Помимо фасадной линии лавок в Охотном ряду был еще и торговый двор, где в основном размещался «яичный ряд» и можно было приобрести яйца любого из пяти узаконенных в Москве сортов — «головку», «кондитерские», «обыкновенные», «присушку» (с пятном внутри) или «хвостик».

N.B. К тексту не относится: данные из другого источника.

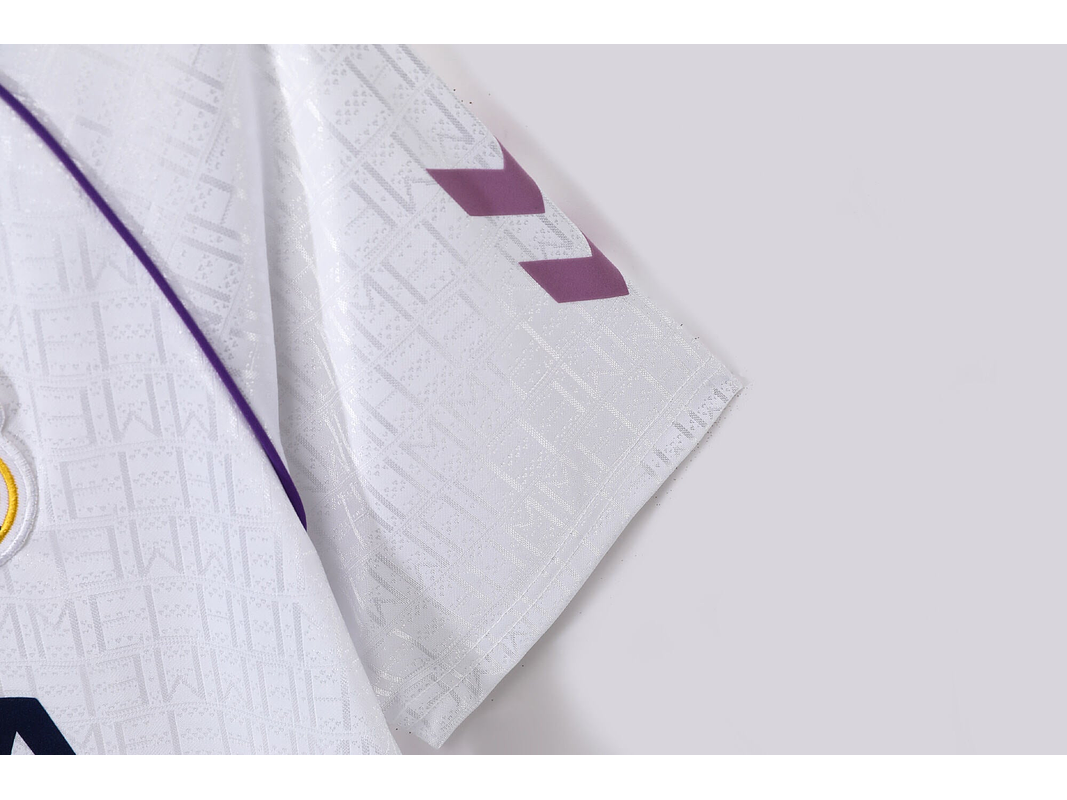 Real Madrid 1990/92 (Home Kit) 9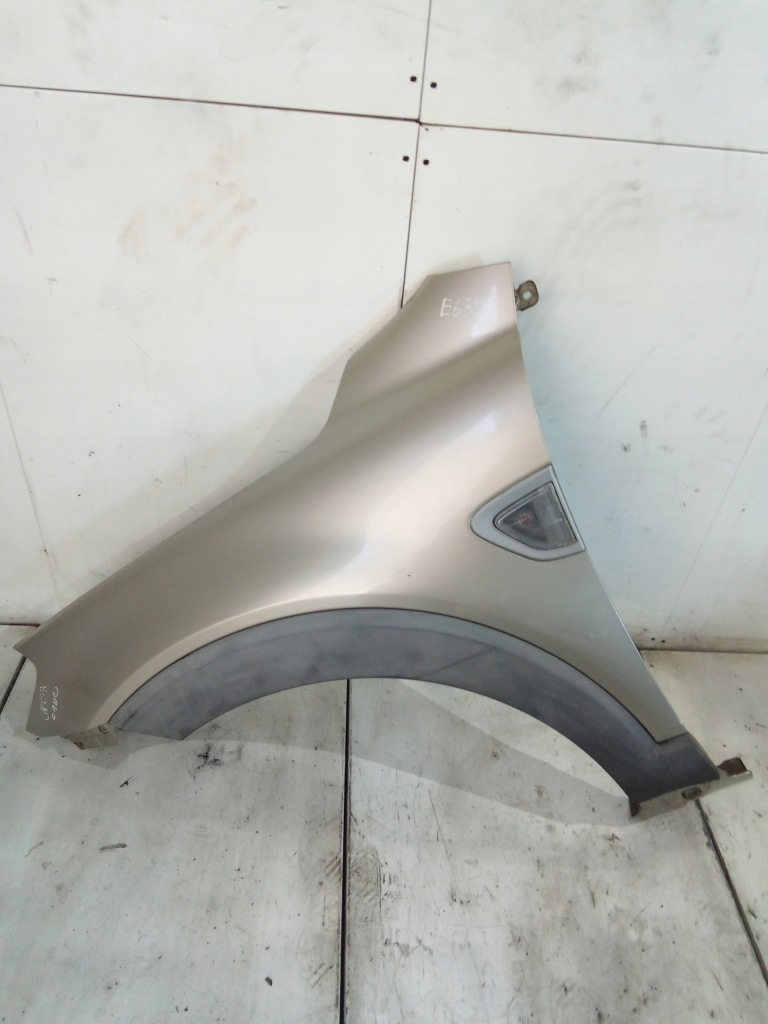 фото №1, E630 крила лівий перед captiva золотий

В Москве у мясников из Охотного ряда была устойчивая репутация людей грубых и в высшей степени косных, воплощающих в себе худшие черты «серого» купечества. Современник вспоминал: «Охотнорядские мясники отличаются большой физической силой и свирепым нравом. Отмечу следующий случай: в восьмидесятых годах, во время бывших студенческих беспорядков, студенты демонстративно, с красными флагами, большой толпой пошли по Моховой улице. На углу Охотного ряда и Тверской улицы их встретила полиция и, преградив путь, просила толпу разойтись. Студенты с криком опрокинули немногочисленных полицейских и с пением революционных песен продолжали путь. Тогда на выручку полиции по собственной инициативе явились охотнорядские мясники и страшно избили студентов» [232] .
232
Слонов И. А. Из жизни торговой Москвы. М, 1914. С. 199.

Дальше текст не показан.